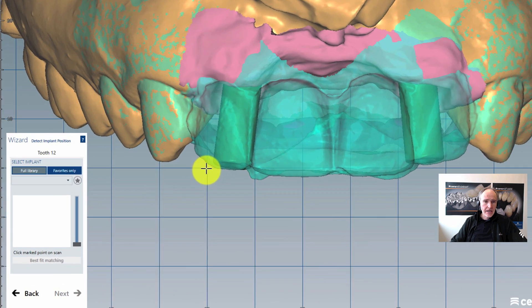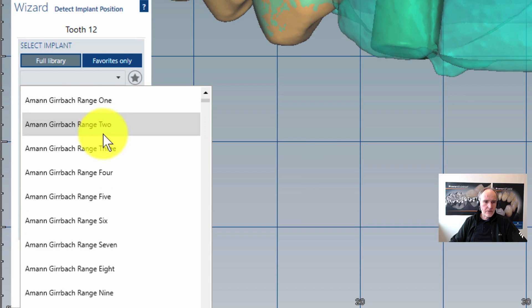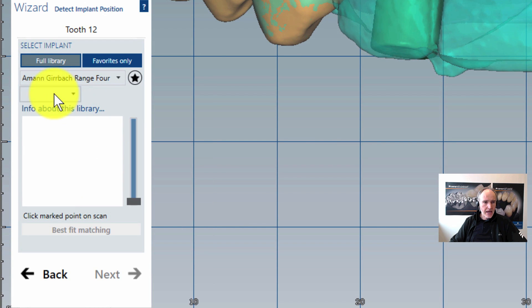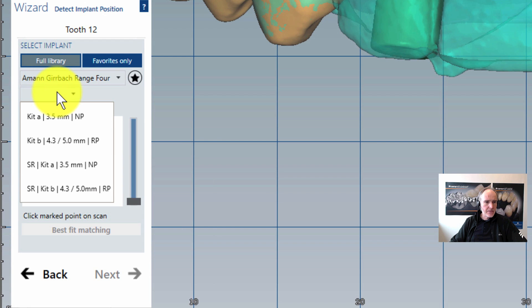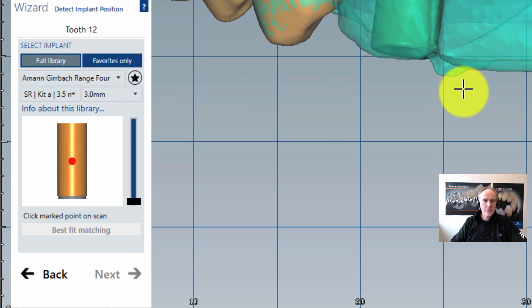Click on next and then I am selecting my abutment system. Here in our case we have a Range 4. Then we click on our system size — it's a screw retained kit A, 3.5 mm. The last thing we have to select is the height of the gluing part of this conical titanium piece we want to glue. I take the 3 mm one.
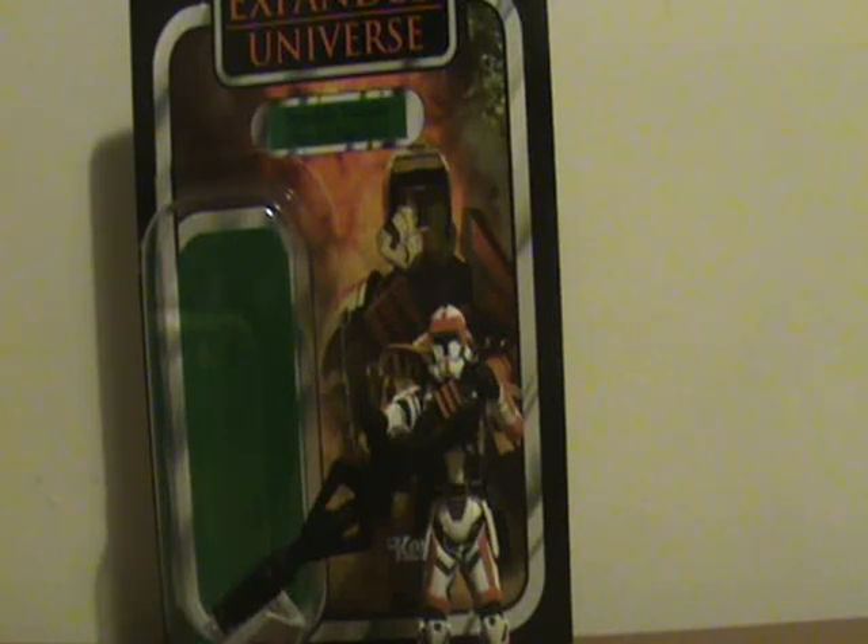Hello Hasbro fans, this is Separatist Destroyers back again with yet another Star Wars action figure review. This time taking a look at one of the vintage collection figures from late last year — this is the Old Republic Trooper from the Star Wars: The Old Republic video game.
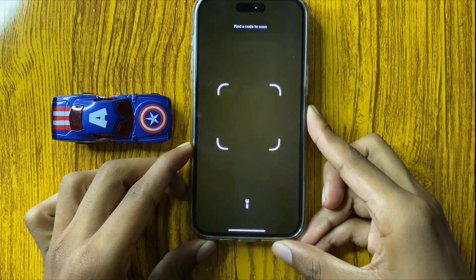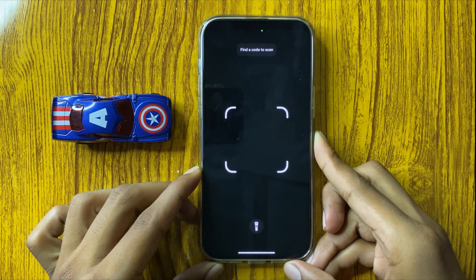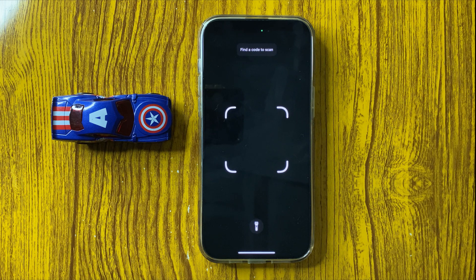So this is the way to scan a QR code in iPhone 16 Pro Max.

> Exercise details
Once the pictures are set aside, give the listing again word for word.

> Solution to this task
Click on next and then I am selecting my abutment system. Here in our case we have a Range 4. Then we click on our system size — it's a screw retained kit A, 3.5 mm. The last thing we have to select is the height of the gluing part of this conical titanium piece we want to glue. I take the 3 mm one.
Hello Hasbro fans, this is Separatist Destroyers back again with yet another Star Wars action figure review. This time taking a look at one of the vintage collection figures from late last year — this is the Old Republic Trooper from the Star Wars: The Old Republic video game.
So this is the way to scan a QR code in iPhone 16 Pro Max.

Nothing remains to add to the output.